This morning I had to head over to Costco in Richmond to pick up the semi-annual packs of toilet paper and paper towels, and figured I’d take advantage of being further afield from my typical haunts and explore a local trail.
My first inclination was to head over to Pt. Richmond and hike along the ridge. However, as soon as I stepped out of my car in the Costco parking lot I was slammed with the chill of a cold SF Bay breeze. I looked up to see a large puffy fog bank ominously nestled along the water’s edge; Pt. Richmond would have to wait, I wanted warmth.
I turned my sights to the hills. I searched for “hiking” in Apple Maps and up popped “Ye Olde School Trail” in Kensington, just north of Berkeley on the southern edge of Tilden Nature Area. I glanced at a few of the photos that had been posted and it looked beautiful. Without hesitation, I followed the route up to the trail.
Getting to Ye Olde School Trail
I accessed the trail head by heading north on San Pablo Ave. and turning right on Moeser Lane in El Cerrito.
Follow Moeser all the way up to Arlington and take a right.
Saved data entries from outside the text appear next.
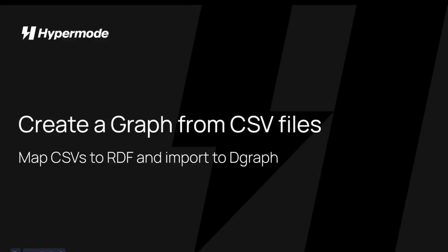Hi, this is Raphael from Hypermode. Today we will see how to transform a set of CSV files into a graph and upload the data into DGraph.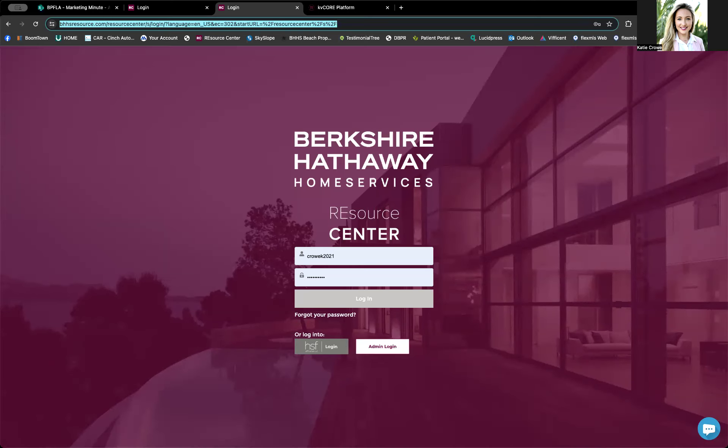All right. So bhhsresource.com will take you to the Resource Center, which looks like this. It is the national hub for Berkshire Hathaway Home Services.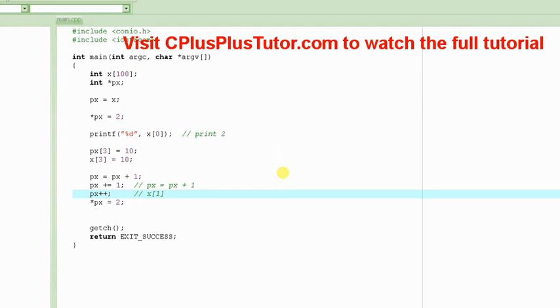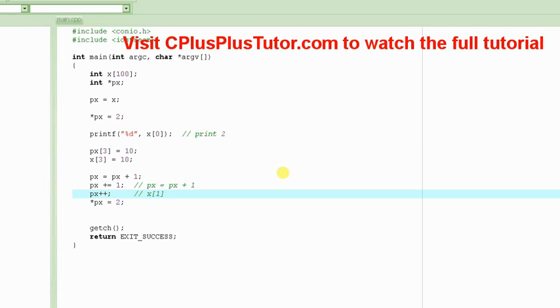So we were looking at how we can access the elements of array using a pointer. And I'm sorry that I had to abruptly stop in the previous tutorial because I was running out of time. YouTube doesn't allow uploading any video which is longer than 10 minutes.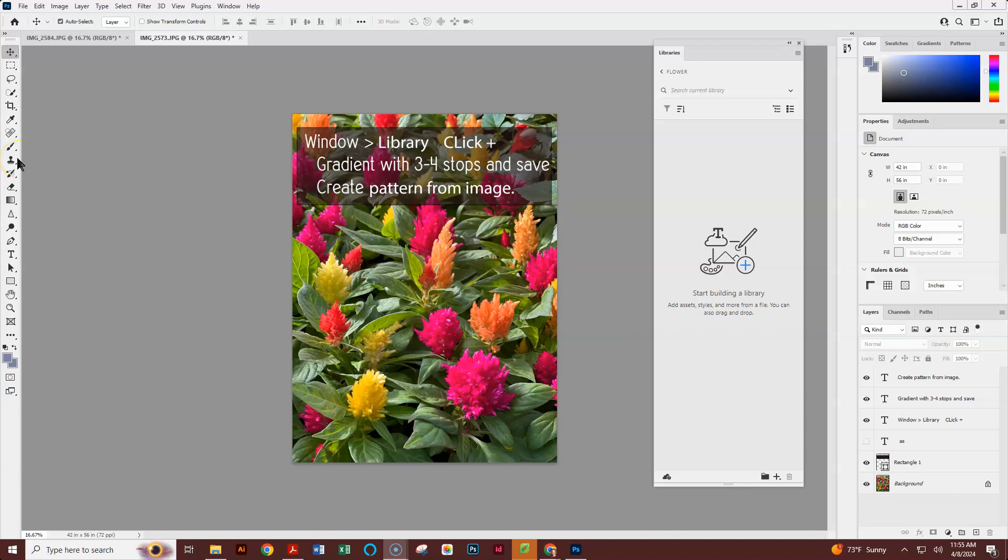Today we're going to review in Photoshop how to do a couple of extractions. The first thing we do is we're going to go to Window and Library. Here is my library. And in this case, I've already made a folder called Flowers or Plant Sale.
Then take a left on Westminster, right on Kenyon, right on Purdue and left on Beloit Ave. Continue following Beloit – it turns into Los Altos Drive and then runs into Grizzly Peak Blvd. You’ll see the trail head on your right. I took a quick right, then left on Kenyon and parked a few houses down on the right.
The entry to the trail head was covered in loads of fresh mulch and looked to be in the middle of a rehab project, but no one was around.
I headed off down the path, the smell of eucalyptus and fresh mulch circled in the air. Ahhhh, so quickly I was removed from the grimy city streets’ sights and smells.
The trail runs behind the houses on Purdue, which sits up on a ridge to the left. Several of the properties have staircases carved into the hillside so the trail could be easily accessed. At the base of one of the staircases was a cluster of pretty white and yellow daisies, cheerfully greeting those who walked by.
On the other side of the trail were views of rolling hills covered in old growth oak and eucalyptus. Blackberries and other shrubs lined the edge of the trail. The blackberries had been picked clean and it looked like there wouldn’t be any ripe fruit for several more weeks.
The trail splits and dog legs to the right, running a little further down the hill before ending. At the crux of the split are two large eucalyptus tree stumps. I climbed atop the largest one and sat cross legged, taking in the sweeping views in front of me. I watched a scrub jay dance around near one of the bushes. I could hear sounds of children down the way on my right; the noises of school recess in action. Power poles dotted the hillside to the left, the only man made things in my line of sight.
The Perfect Spot
I stretched out my legs sat there for about 15 minutes, just listening and thinking. I could hear a few dog walkers and a cyclist pass behind me, but for the most part it was quiet.
I jumped down from my perch and continued. A canopy of trees on both sides quickly developed, providing a tunnel of shade. The trail continued on, winding along the ridge and getting slightly narrower. Soon I was in back of the Kensington Elementary School – I had hit the end of the trail.
Ye Olde School Trail trail makes for a lovely short out-and-back hike. Great for dogs and mountain bikes, too. Fun for a quick afternoon walk or supplement with some of the other trails in the area for a full day of exploration.